[Opening Supplied data section]

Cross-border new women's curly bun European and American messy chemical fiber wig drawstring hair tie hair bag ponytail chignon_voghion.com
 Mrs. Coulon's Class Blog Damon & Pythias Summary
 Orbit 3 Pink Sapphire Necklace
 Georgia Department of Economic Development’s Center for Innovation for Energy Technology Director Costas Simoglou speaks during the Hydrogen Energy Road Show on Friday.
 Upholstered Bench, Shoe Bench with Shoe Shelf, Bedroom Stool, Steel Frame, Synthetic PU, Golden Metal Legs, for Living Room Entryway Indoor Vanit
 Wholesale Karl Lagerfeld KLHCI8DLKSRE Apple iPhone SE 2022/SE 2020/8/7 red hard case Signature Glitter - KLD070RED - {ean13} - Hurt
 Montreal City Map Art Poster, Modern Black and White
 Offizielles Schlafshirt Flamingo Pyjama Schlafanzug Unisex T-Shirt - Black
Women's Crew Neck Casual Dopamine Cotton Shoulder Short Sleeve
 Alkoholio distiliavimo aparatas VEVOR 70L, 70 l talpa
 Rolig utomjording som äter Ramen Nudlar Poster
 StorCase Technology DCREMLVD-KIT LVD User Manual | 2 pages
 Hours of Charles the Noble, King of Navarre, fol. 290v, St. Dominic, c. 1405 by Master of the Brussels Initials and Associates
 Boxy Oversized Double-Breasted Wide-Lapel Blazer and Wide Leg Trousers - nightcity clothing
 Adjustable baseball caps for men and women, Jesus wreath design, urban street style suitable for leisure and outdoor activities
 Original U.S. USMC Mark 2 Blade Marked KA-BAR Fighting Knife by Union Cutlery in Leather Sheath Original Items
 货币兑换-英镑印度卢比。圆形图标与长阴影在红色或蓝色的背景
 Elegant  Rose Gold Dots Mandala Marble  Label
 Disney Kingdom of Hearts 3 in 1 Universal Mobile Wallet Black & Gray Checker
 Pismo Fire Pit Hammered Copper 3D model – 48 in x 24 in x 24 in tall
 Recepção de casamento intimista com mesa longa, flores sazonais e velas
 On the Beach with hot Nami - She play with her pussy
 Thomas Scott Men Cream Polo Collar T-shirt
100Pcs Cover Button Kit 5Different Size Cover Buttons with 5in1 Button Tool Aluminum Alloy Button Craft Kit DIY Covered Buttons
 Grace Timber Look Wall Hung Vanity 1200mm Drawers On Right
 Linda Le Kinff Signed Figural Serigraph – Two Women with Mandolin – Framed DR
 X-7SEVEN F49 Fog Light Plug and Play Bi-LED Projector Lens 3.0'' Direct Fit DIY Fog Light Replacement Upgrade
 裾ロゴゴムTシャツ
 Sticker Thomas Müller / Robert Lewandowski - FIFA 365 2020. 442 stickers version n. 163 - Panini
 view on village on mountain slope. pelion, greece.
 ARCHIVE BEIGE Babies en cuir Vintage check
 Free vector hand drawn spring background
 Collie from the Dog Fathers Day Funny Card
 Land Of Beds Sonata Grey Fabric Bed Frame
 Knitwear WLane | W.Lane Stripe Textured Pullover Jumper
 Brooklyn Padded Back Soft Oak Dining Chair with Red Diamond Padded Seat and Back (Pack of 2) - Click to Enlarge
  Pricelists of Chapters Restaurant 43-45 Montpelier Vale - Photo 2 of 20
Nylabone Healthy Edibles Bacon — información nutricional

[Closing Supplied data section]

Problem details
From the data above, output only the lines between the line containing "Rose Gold Dots" and the line containing "Linda Le Kinff", inclusive, exactly as written.

Completed exercise
 Elegant  Rose Gold Dots Mandala Marble  Label
 Disney Kingdom of Hearts 3 in 1 Universal Mobile Wallet Black & Gray Checker
 Pismo Fire Pit Hammered Copper 3D model – 48 in x 24 in x 24 in tall
 Recepção de casamento intimista com mesa longa, flores sazonais e velas
 On the Beach with hot Nami - She play with her pussy
 Thomas Scott Men Cream Polo Collar T-shirt
100Pcs Cover Button Kit 5Different Size Cover Buttons with 5in1 Button Tool Aluminum Alloy Button Craft Kit DIY Covered Buttons
 Grace Timber Look Wall Hung Vanity 1200mm Drawers On Right
 Linda Le Kinff Signed Figural Serigraph – Two Women with Mandolin – Framed DR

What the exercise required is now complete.